→ **Aim of the task**
Below are records with pictures in them; print them exactly, omitting the pictures.

→ **Source material**
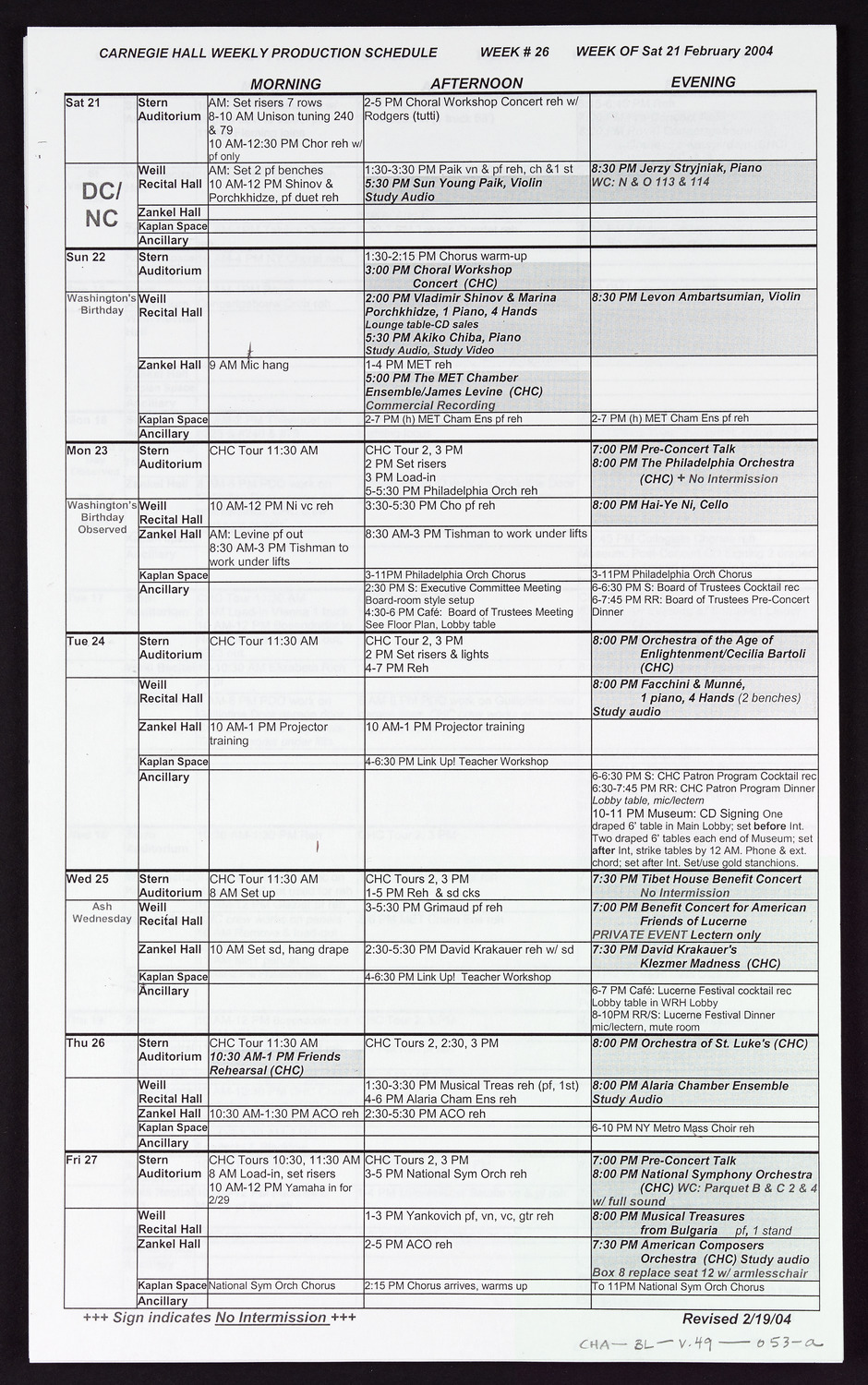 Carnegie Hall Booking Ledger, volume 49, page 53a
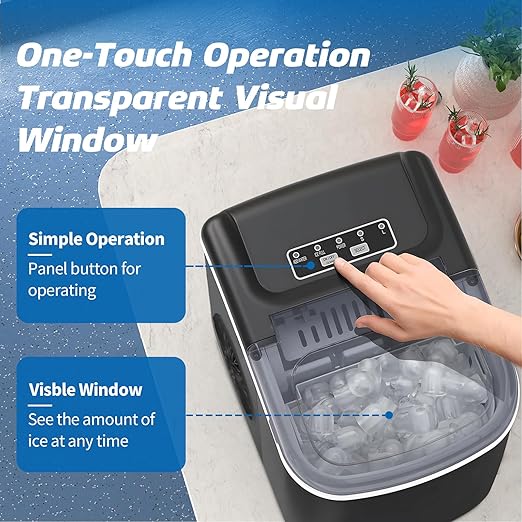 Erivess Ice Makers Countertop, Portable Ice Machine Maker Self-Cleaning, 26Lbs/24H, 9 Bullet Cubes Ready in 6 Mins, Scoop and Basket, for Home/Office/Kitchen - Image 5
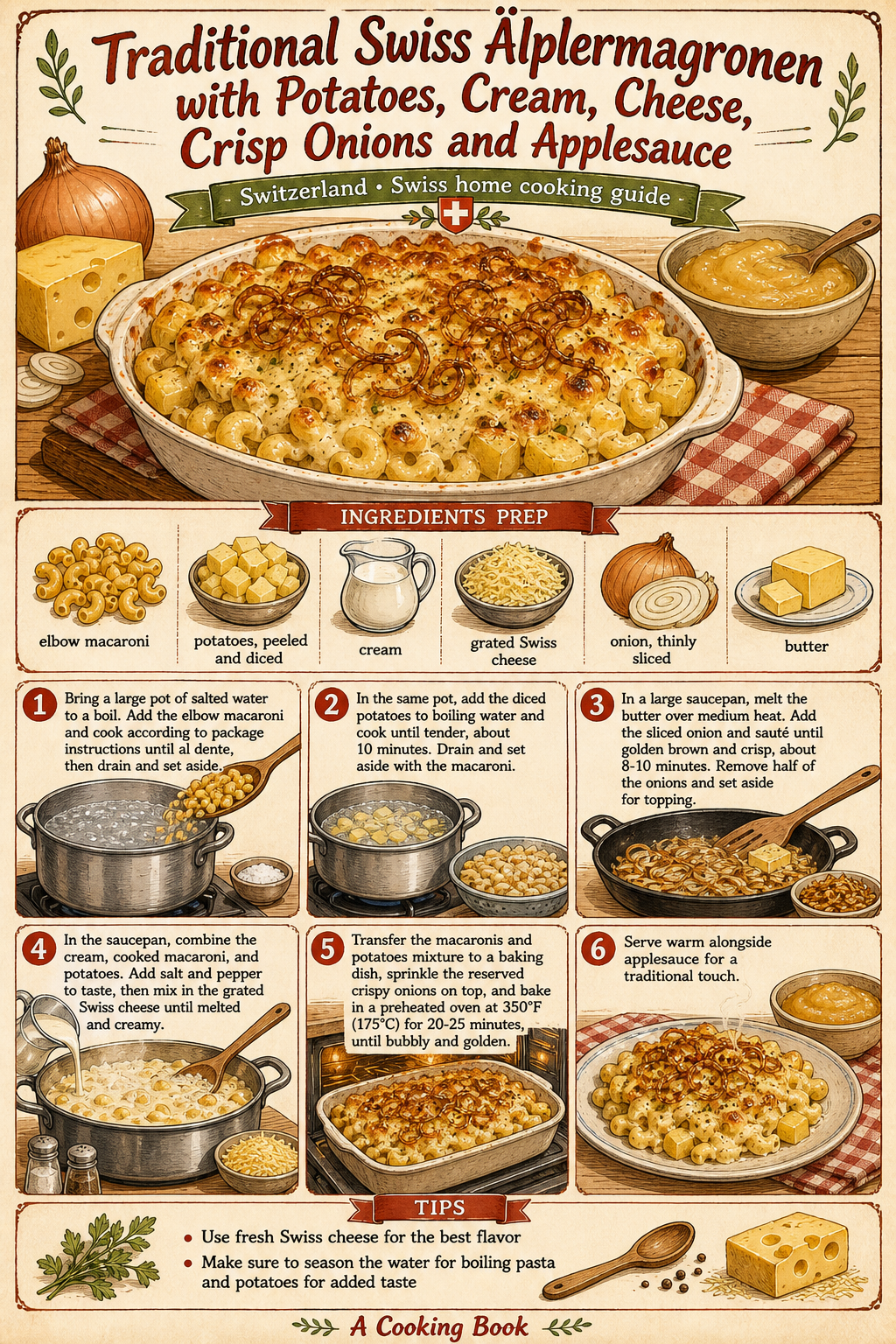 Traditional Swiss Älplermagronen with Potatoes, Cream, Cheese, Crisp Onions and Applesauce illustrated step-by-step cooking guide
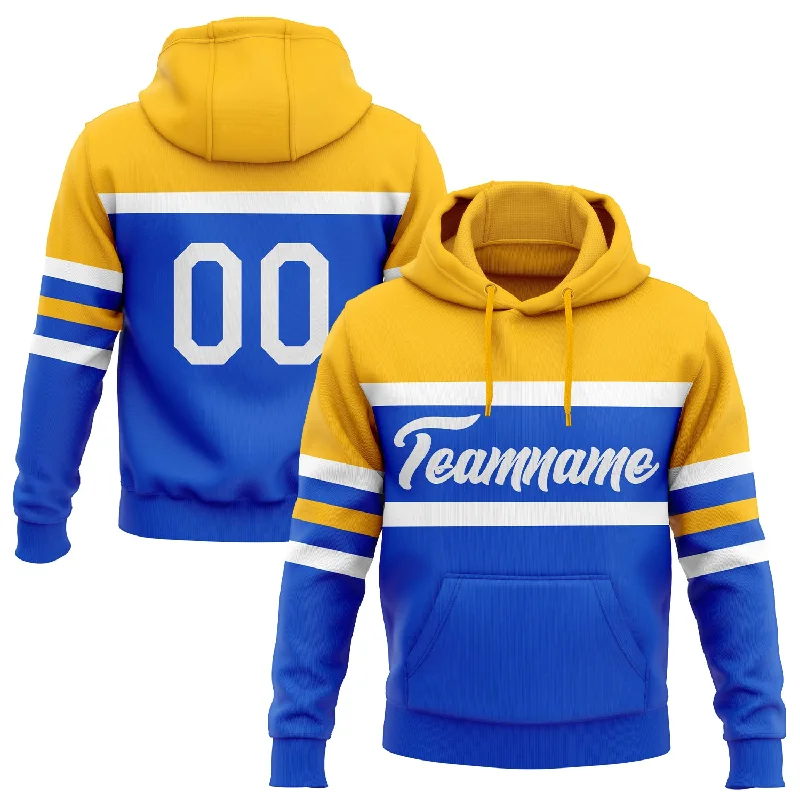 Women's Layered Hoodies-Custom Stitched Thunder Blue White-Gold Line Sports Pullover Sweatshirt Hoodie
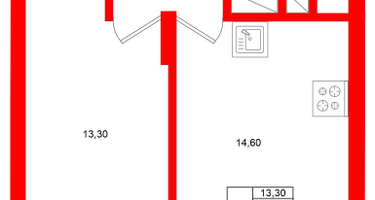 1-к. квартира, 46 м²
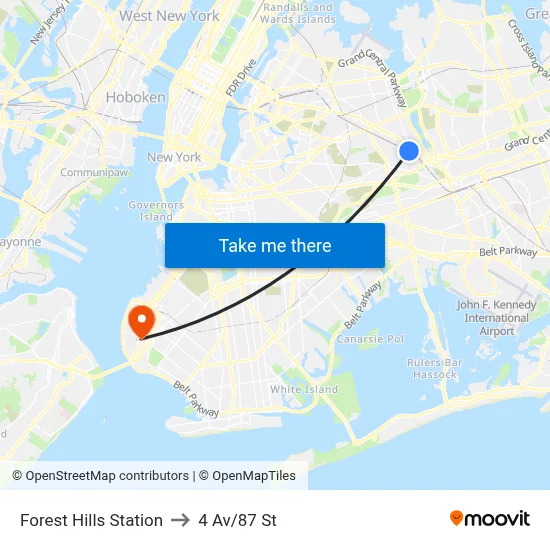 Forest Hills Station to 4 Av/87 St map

→ **Solution to the exercise**
 Carnegie Hall Booking Ledger, volume 49, page 53a
 Erivess Ice Makers Countertop, Portable Ice Machine Maker Self-Cleaning, 26Lbs/24H, 9 Bullet Cubes Ready in 6 Mins, Scoop and Basket, for Home/Office/Kitchen - Image 5
 Traditional Swiss Älplermagronen with Potatoes, Cream, Cheese, Crisp Onions and Applesauce illustrated step-by-step cooking guide
 Women's Layered Hoodies-Custom Stitched Thunder Blue White-Gold Line Sports Pullover Sweatshirt Hoodie
 1-к. квартира, 46 м²
 Forest Hills Station to 4 Av/87 St map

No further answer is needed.